▶ WORK ITEM:
Within the entries below, output exactly the lines between the line containing "وزير البترول المصري مع رئيس شل مصر" and the line containing "Das Foto zeigt", inclusive, and omit any picture.

▶ DATA SHOWN:
____

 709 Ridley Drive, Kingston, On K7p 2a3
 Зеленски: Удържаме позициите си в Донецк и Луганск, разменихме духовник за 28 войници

____

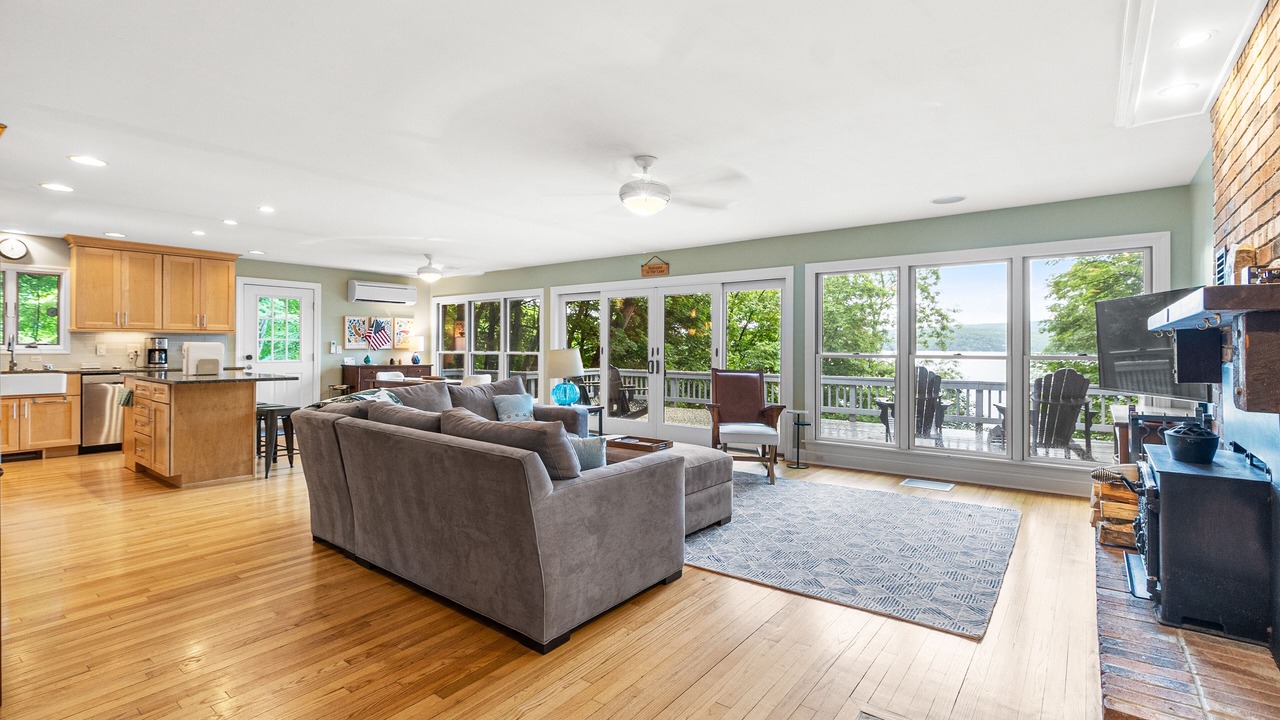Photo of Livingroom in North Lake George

____

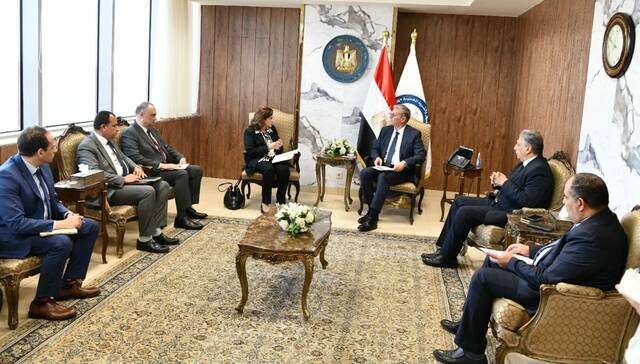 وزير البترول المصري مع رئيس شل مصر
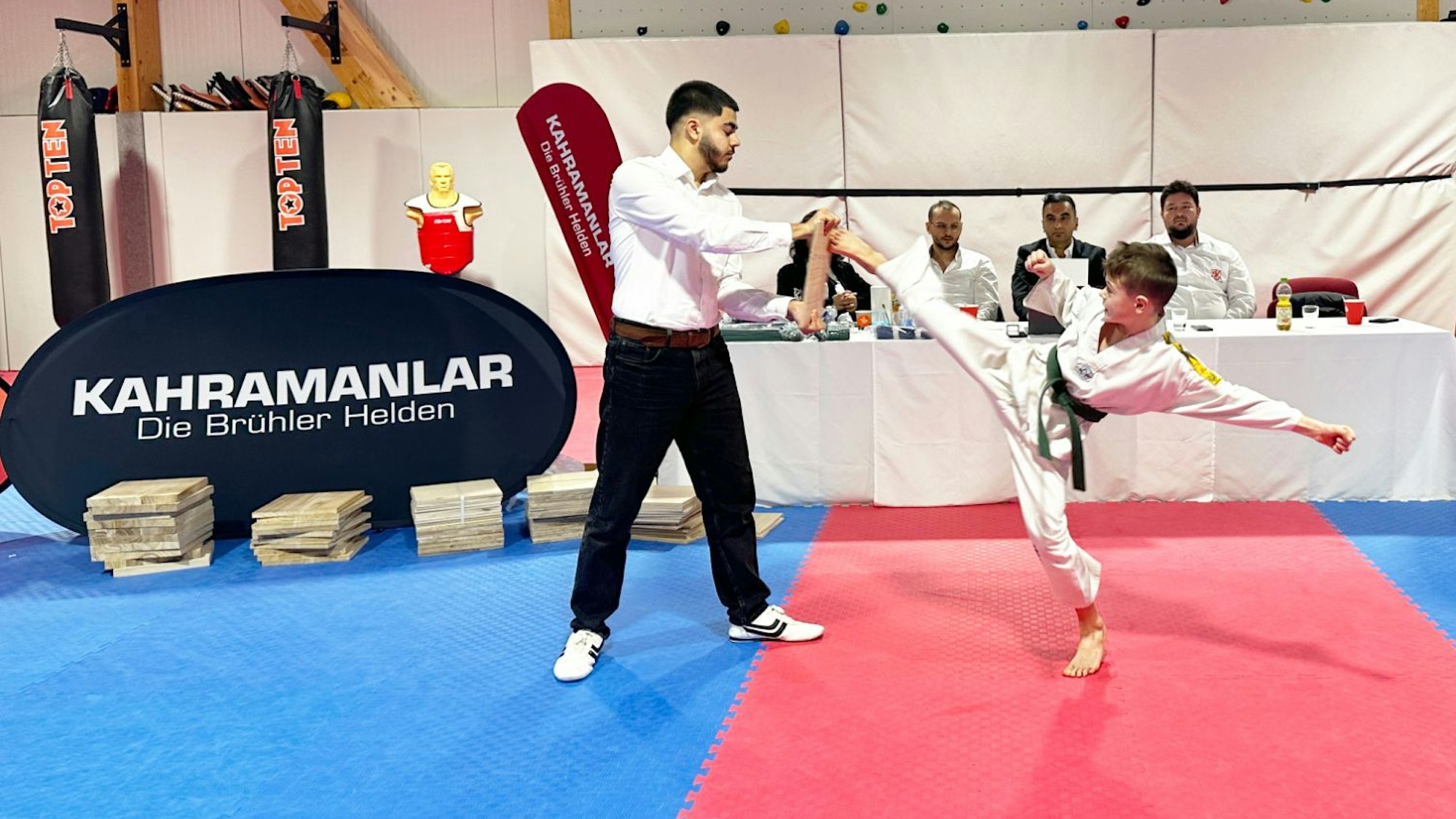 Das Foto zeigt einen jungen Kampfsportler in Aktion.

____

▶ SOLUTION BELOW:
 وزير البترول المصري مع رئيس شل مصر
 Das Foto zeigt einen jungen Kampfsportler in Aktion.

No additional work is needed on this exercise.